In April 1909 Gaudier travelled through Europe to Germany, where he spent a number of months. He then returned to France, visiting his family for the summer before moving to Paris. On arrival, he complained he disliked Paris, as it required several hours on trains to escape the suburbs and reach the forests that circle the city. He initially found work as a clerk, work that he found monotonous. Each evening he would retreat to the Bibliothèque Ste-Geneviève, on the Place du Pantheon where he made a bohemian circle of acquaintances, many of whom were Slavs, Germans and Russians.
Gaudier Brzeska’s relationship with the city was complex, he wrote;
‘When I face the beauty of nature, I am no longer sensitive to art, but in the town I appreciate its myriad benefits – the more I go to the woods and the fields the more distrustful I become of art and wish all civilization to the devil; the more I wander about amidst the filth and sweat the better I understand art and love it; the desire for it becomes my crying need.’
However, he later wrote that he was tempted to be a farmer, as only a country life gave him pleasure, and he had begun to feel that farming was ‘the most lovely of the fine arts’.
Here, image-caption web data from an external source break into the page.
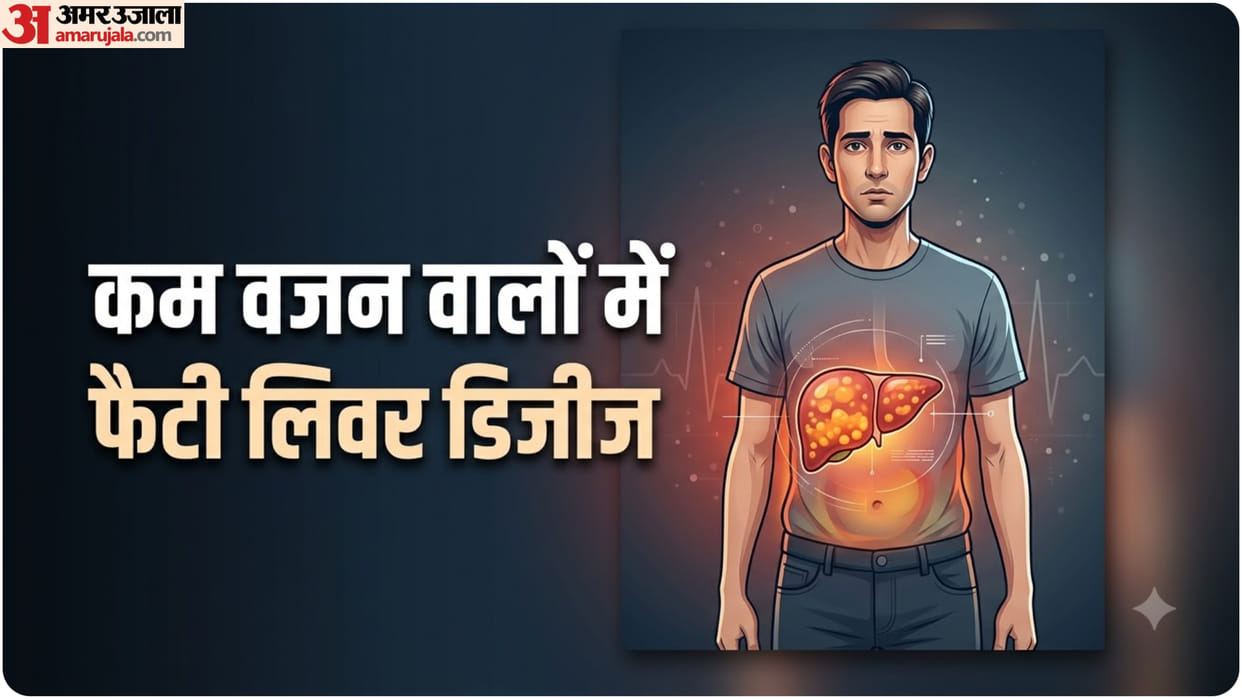 Can Thin People Develop Fatty Liver risk of  Fatty Liver Without Obesity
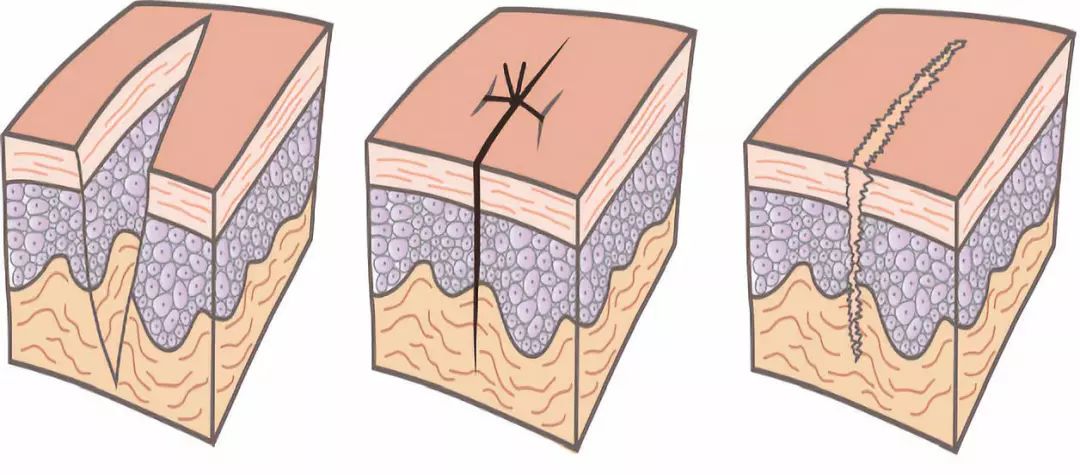 Management of Postoperative Wound Dehiscence by Grade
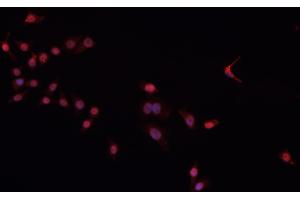 ABIN6266604 staining Daudi cells by IF/ICC. (Oct-2 Antikörper)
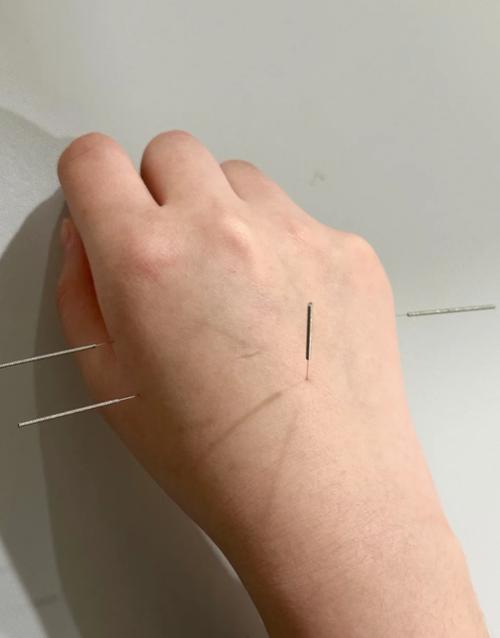 人流后能不能做针灸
In 1910 he met Zofia Brzeska a polish woman in her mid thirties, whom he noticed and sketched at the Bibliothèque St-Geneviève. Platonic lovers, she soon became an adoptive mother to him, he loving her with what he described as a pure love. Disillusioned with Paris, in 1911 they moved to London, where they took rooms together, assuming the status of brother and sister. It is at this point, that he took her name and added it to his own.
Gaudier Brzeska’s time in London was the most influential and prolific of his career. It was here that he met Jacob Epstein and Ezra Pound with whom he developed strong friendships and artistic relationships, the older mentors guiding this young, driven and impulsive character. They became founding members of the ‘Vorticist Movement’, who strove to create ‘art before it has spread itself into a state of flaccidity of elaboration, of secondary applications’. They aimed to capture the ‘primary pigment of art’.
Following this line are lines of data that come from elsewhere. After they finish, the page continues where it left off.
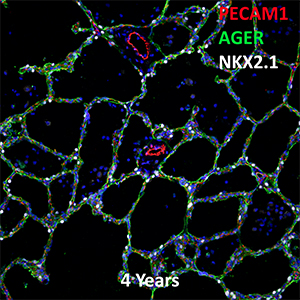 4 Year Human Lung PECAM-1, AGER, and NKX2.1 Confocal Imaging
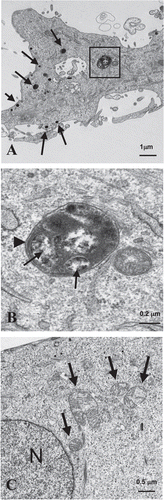 Figure 1 Electron microscopy shows that fibroblasts in co-culture display increased autophagy and MCF7 cells exhibit abundant mitochondria. To monitor the status of autophagy, hTERT-fibroblasts and MCF7 cells were co-cultured for three days, fixed and evaluated by electron microscopy. (A and B) Co-cultured fibroblasts display numerous lysosomes and autophagosomes. (A) The EM image represents a fibroblast with numerous lysosomes (arrows) and autophagosomes (boxed area). (B) The higher magnification of the boxed area depicts an autophagosome. Note that the autophagosome shows (i) a double-membrane (arrowhead) and (ii) organelles within that appear to be degraded mitochondria (arrows). Bars = 1 µm for (A); = 0.2 µm for (B). (C) Co-cultured MCF7 cells exhibit the presence of many mitochondria. Note that co-cultured MCF7 cells exhibit the presence of many mitochondria (arrows) and of intermediate keratin filaments (demonstrating their epithelial origin). N, nucleus.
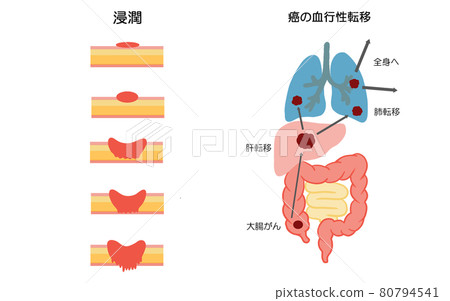 Illustration of colorectal cancer progression and metastasis 80794541
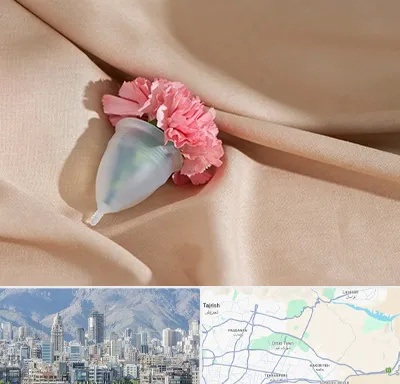 جراح سرطان واژن در شمال شرق تهران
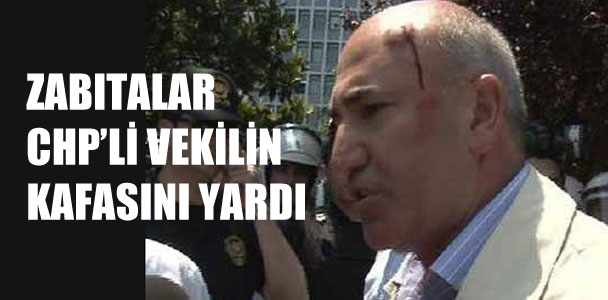 İstanbul'da CHP'li vekilin kafası yarıldı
From 1911 he started to produce sculpture, carving direct into stone, showing considerable energy and drive. The 1914 work ‘Bird Swallowing a Fish’ is a masterpiece of Vorticist sculpture. Here, he formalises the anatomical properties of the two subjects, with such vigour that they become a single form, their recognizable features fading away. The sculpture captures a moment of deadlock, a fusion of two forms.
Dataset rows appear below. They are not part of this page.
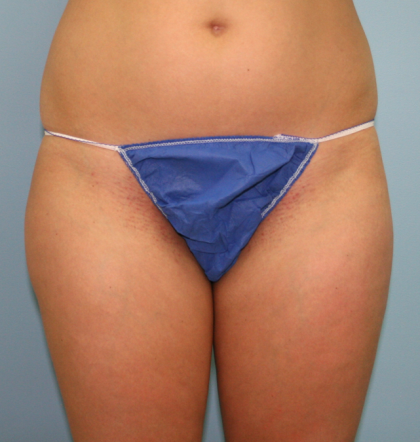 Liposuction Before & After Patient #1052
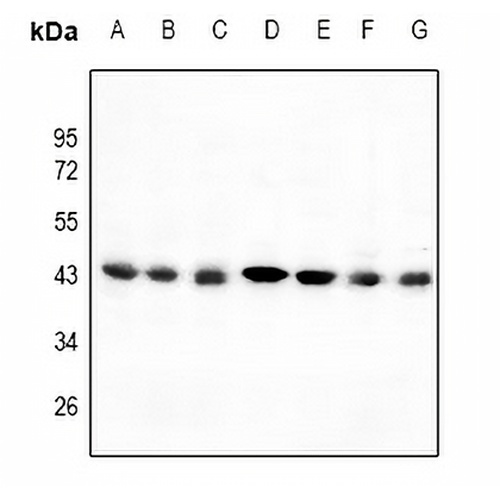 C/EBP alpha Rabbit Polyclonal Antibody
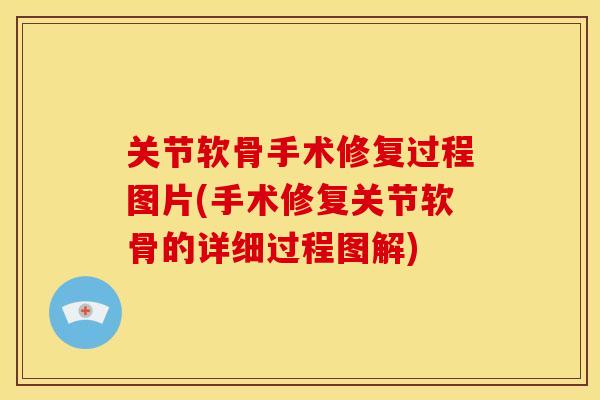 关节软骨手术修复过程图片(手术修复关节软骨的详细过程图解)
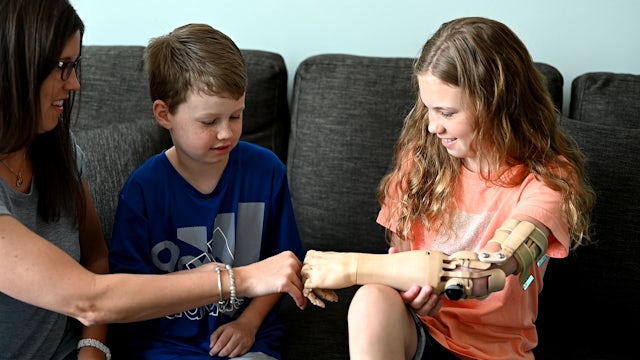 Unlimited tomorrow prosthetic arm patient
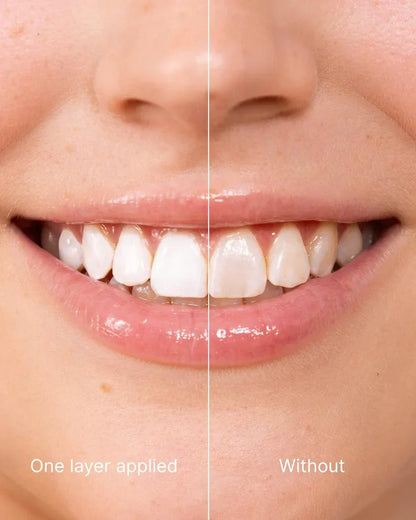 Seurico™ Tooth Polish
His animal sculptures often retain some of the intimate affection displayed in his drawings, whether working in the small scale, producing intimate carvings for friends, or larger scale works.
From the days of his childhood to his final days in the trenches, he remained at one with nature, his love of animals, birds and plants fundamental to his artistic expression.
Henri Gaudier Brzeska died at the age of 23, after serving two months at the front. Pound wrote:
‘We have lost the best of young sculptors, the most promising.’